Another consideration is that if you get any water splashed up in your air intake as you are driving you can get water into your engine and cause serious problems. I've read that the pentastar is more well designed in this regard than the 3.8 was but I have no supporting knowledge of this. Your owners manual, I believe, says you can ford water at low speeds up to 30". But I believe on the Jeep website it clarifies that a little better to say that you can cross 30 inches at speeds up to 5 mph and "up to" 10 inches of water at speeds higer than 5 mph. I might have gotten those sources mixed up. I believe this is their way of addressing the possibility of water splashing into the intake at higher speeds, but again I am no expert and have not tried it. I have read people that have claimed to get water logged in only six inches of water.

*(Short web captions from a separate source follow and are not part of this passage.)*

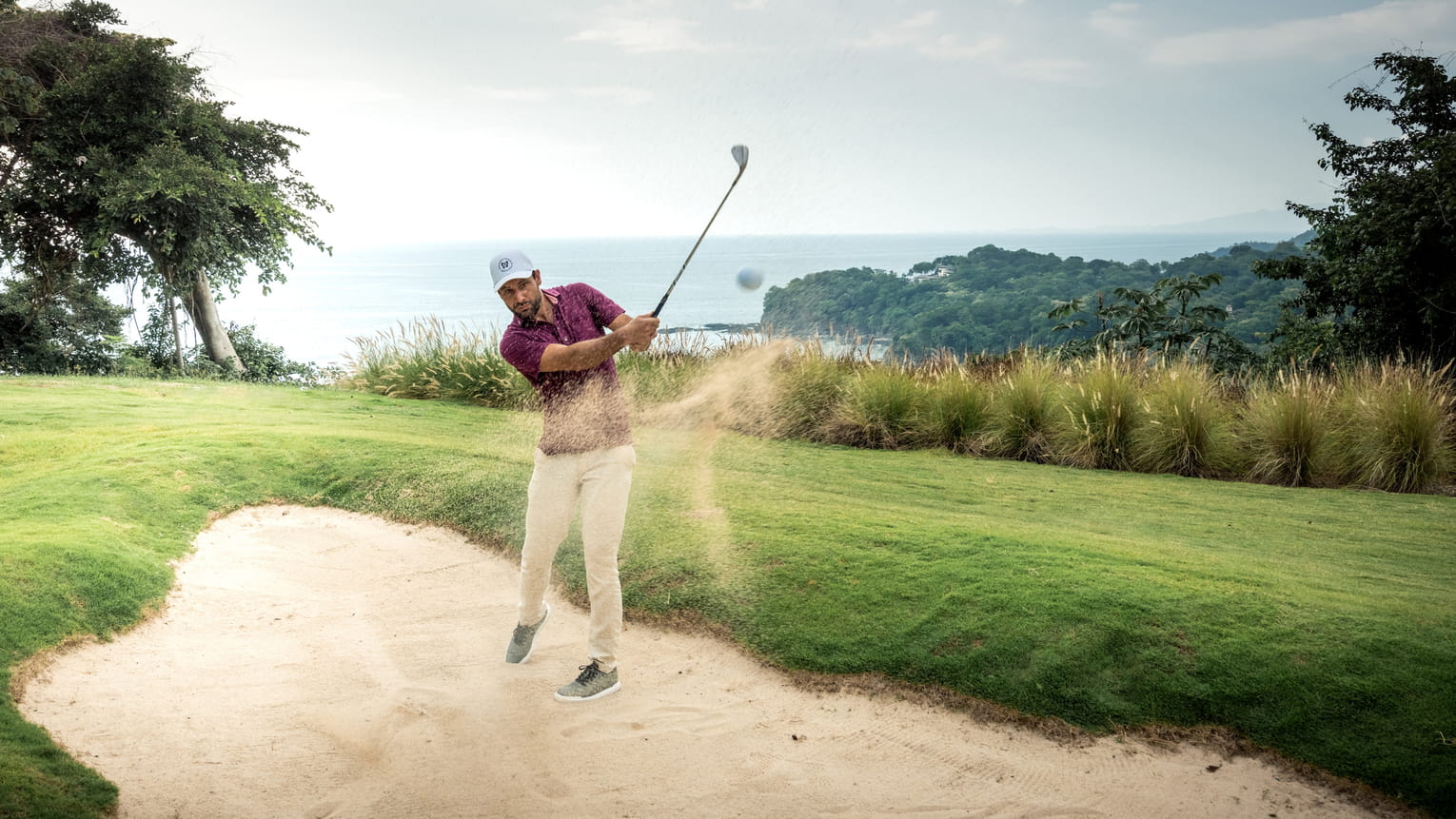 Golfer hitting a shot from a sand bunker with a scenic ocean view in the background.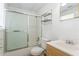 Clean bathroom features a shower/tub combination with sliding door and vanity at 129 Crown Walk, Mcdonough, GA 30253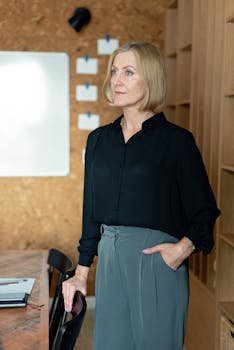 Mature businesswoman stands confidently in a modern office, ready for a meeting.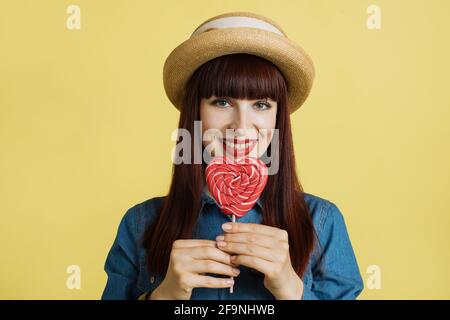 Primo piano di un'affascinante giovane donna dai capelli rossi, con cappello di paglia e camicia in jeans, che tiene un lollipop rosso dolce a forma di cuore, sorridendo alla telecamera su uno sfondo giallo. Foto Stock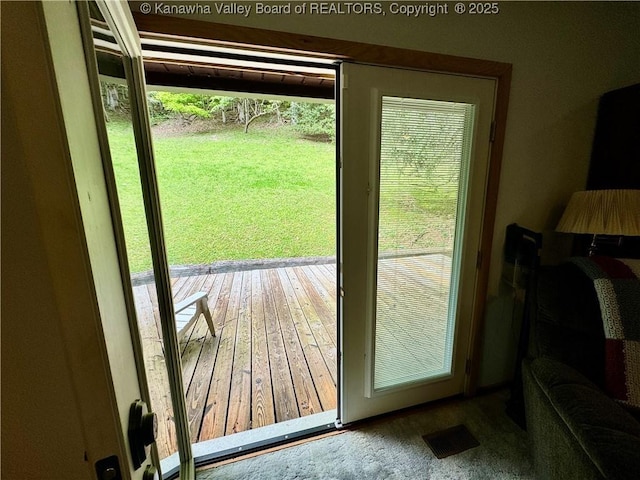 entryway with hardwood / wood-style flooring and visible vents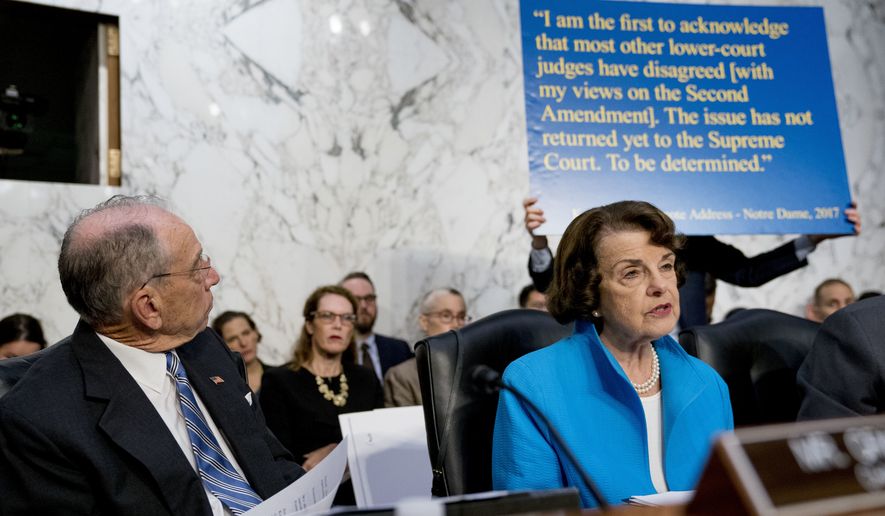 A poster depicting a 2017 quote on the Second Amendment by President Donald Trump&#39;s Supreme Court nominee, Brett Kavanaugh, a federal appeals court judge, is held up behind Sen. Dianne Feinstein, D-Calif., the ranking member on the Senate Judiciary Committee, right, as she questions Kavanaugh as he testifies before the Senate Judiciary Committee on Capitol Hill in Washington, Wednesday, Sept. 5, 2018, for the second day of his confirmation to replace retired Justice Anthony Kennedy. Also pictured is Senate Judiciary Committee Chairman Chuck Grassley, R-Iowa, left. (AP Photo/Andrew Harnik)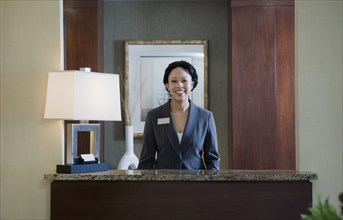 African woman at concierge desk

A snorkel should help address that.
My fear beyond those two points is the electronics... under the power seats, door connections, etc. But I have not found any real good answer on those besides "don't go in water". I've wondered about liquid tape around all of the connections n junk but I'm not sure how well that would go over.
Hopefully some experts can help out with the rest.
|07-21-2013 03:11 AM|
2013 JKR question
Hey guys, a quick question. Every time I read about someone taking their jeep "water fording" there typically follows a post with all kinds of issues. pink/red fluid in the driveway, possible water intake through the "breather" lines etc... then follows the harsh rhetoric from a few people. "Why'd you take your jeep through the water" and that type of thing. Correct me if I'm wrong but doesn't Jeep advertise 30 inches for the wrangler. So, to my question, at what depth do "breather" lines have issues and is there any other things that need to be taken into consideration prior to water fording activities? Thanks for the help guys!
PS, What are breather lines exactly?